ちなみに、メルカリで売れた最高額の商品は、315万円のダイヤモンドです(2018年9月5日時点)。社員としても驚きましたが、それほど高額なものでもアプリ上で売り買いされる信頼感は、安心・安全なサービスに育っているとも言えます。

採用競争力を上げるには?

GAFAは4社とも社会的な使命をより求められていくというフェーズに入っていると思います。

『the four GAFA 四騎士が創り変えた世界』では、グーグルのことを「神」と表現していますが、悪意を持てばいくらでも社会をコントロールできてしまう。フェイスブックの言論統制問題などもそうです。メルカリもやはり社会からどう見られるか、なにを求められているのかということは、多くの方に使われるサービスとして、強く意識して考えなければなりません。

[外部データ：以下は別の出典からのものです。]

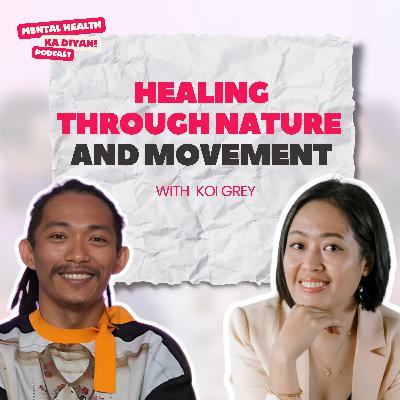 Healing Through Nature and Movement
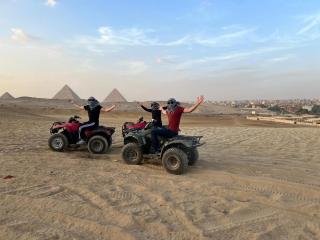 Jana Pyramids view inn - Cairo - 1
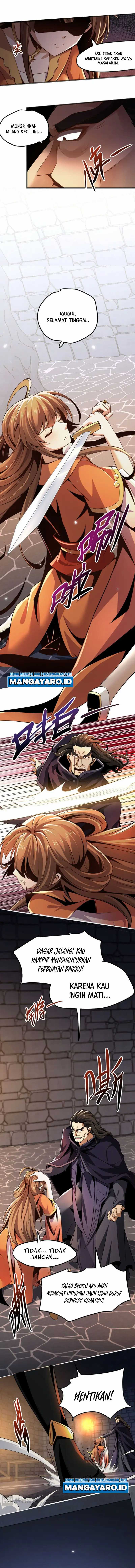 Demon Slaying For Eternity Chapter 07 Gambar 5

たとえばグーグルジャパンでは、女子中高生向けにプログラミングを教えるような取り組みをしていますが、メルカリも高校生向けのイベントをスポンサードするなどしています。直接的な採用のブランディングというよりは、間接的にエンジニア人口を増やしていくという観点で積極的に取り組んでいます。

――石黒さんは採用ご担当としてGAFAの人材戦略をどう見ていらっしゃいますか。

GAFAは人材獲得の面では、優れていると思っています。報酬ひとつとっても強い。シリコンバレーと日本では生活水準が違いますから、単純な給与の比較はできませんが、株式報酬をうまく使うような仕組みは、日本の企業が見習えるところではないかと思っています。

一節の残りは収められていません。